15 ways to ruin your financial future: Get a divorce

Divorce is usually painful, messy and expensive in the short run. Ask Phil Collins, who recently paid out $47 million for his third divorce. But the financial pain of divorce doesn't always end when the forms are signed, but can linger on into retirement.

The immediate costs put a large cash hit on the divorcing household. The average cost for a divorce, according to maritalstatus.com, is $20,000, and 3.6 million marriages ended in divorce in 2008. If, in the settlement, one of the couple gets the house, he/she may be forced to pay capital gains on the appreciation. Split up a 401K without a qualified domestic relations order (QDRO) and that money may become taxable as income.

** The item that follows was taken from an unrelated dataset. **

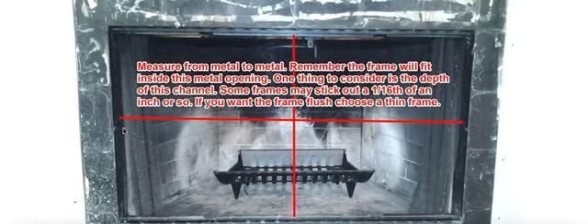The fireplace door will always fit between the metal parts of your fireplace box — the metal opening. It does not fit within the tile, it does not fit in the back; it fits right here within the front edge of the opening. So you're going to give us a measurement that goes from side to side, metal to metal, and we'll back that off about a quarter of an inch so that it fits easily and meets national code regulations for ventilation in prefab fireboxes.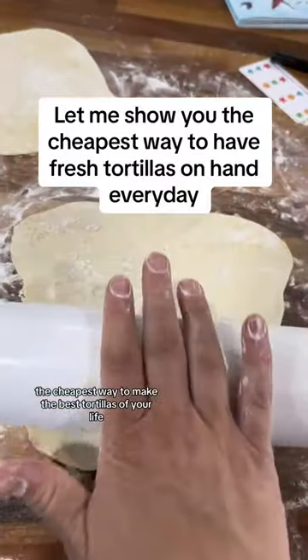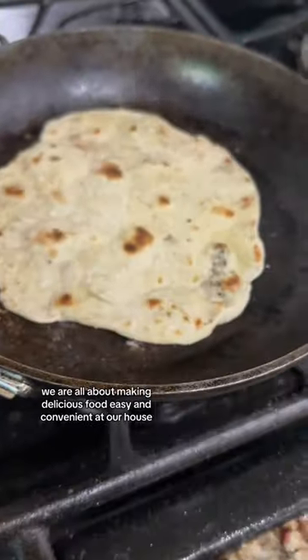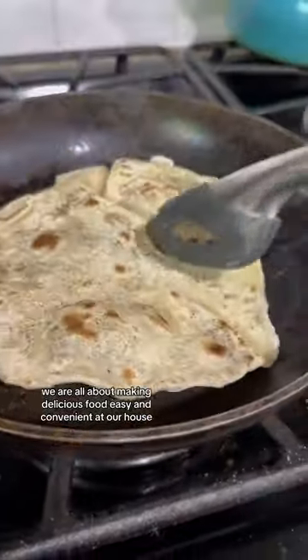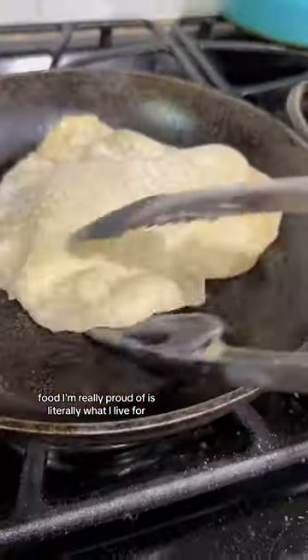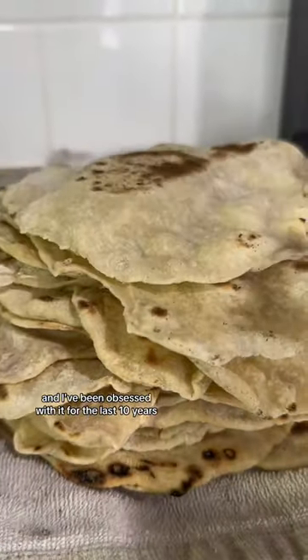The cheapest way to make the best tortillas of your life. The freezer is good for more than dinners. We are all about making delicious food easy and convenient at our house. Finding different hacks and ways to feed my family food I'm really proud of is literally what I live for, and I've been obsessed with it for the last 10 years.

The ongoing expenses, especially when the couple has dependent children, can soak up every penny of savings for years to come, and when only one of the couple works outside the home, the situation is even more dire. Double mortgages, health insurance, travel back and forth for the kids, the need to hire professionals to do work around the house that one or the other had previously done, all are a drain the monthly budget. Paying such ongoing expenses often comes at the expense of saving for retirement, too. For people working at companies that offer a match for 401K savings, the cost of not fully funding their account each year is magnified.

Don't miss the rest of our series on 15 Ways to Ruin Your Financial Future!

The largest long-term financial consequence of a divorce is the right of a divorced spouse to share in social security benefits and other retirement program income. And what about that shared plot at Evergreen Acres?

Sadly, financial fortunes are often not even the worst damage divorce can wreak; children of divorced parents have a much rougher road to travel. They are more likely to divorce, thus falling into the same financial trap.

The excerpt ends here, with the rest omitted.